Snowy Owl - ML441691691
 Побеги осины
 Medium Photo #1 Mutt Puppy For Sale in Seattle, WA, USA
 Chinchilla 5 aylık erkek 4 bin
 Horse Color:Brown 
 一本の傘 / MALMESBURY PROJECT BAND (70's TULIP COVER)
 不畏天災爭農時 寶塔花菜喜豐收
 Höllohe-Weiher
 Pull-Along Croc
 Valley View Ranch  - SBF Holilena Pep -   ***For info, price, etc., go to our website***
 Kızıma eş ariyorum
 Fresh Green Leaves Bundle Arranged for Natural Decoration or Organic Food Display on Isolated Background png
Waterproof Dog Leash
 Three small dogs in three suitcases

**EXERCISE INSTRUCTIONS**
Please copy only these lines, exactly: the first line of the records through the line containing "Pull-Along Croc", ends included.

**SOLUTION TO THE EXERCISE**
Snowy Owl - ML441691691
 Побеги осины
 Medium Photo #1 Mutt Puppy For Sale in Seattle, WA, USA
 Chinchilla 5 aylık erkek 4 bin
 Horse Color:Brown 
 一本の傘 / MALMESBURY PROJECT BAND (70's TULIP COVER)
 不畏天災爭農時 寶塔花菜喜豐收
 Höllohe-Weiher
 Pull-Along Croc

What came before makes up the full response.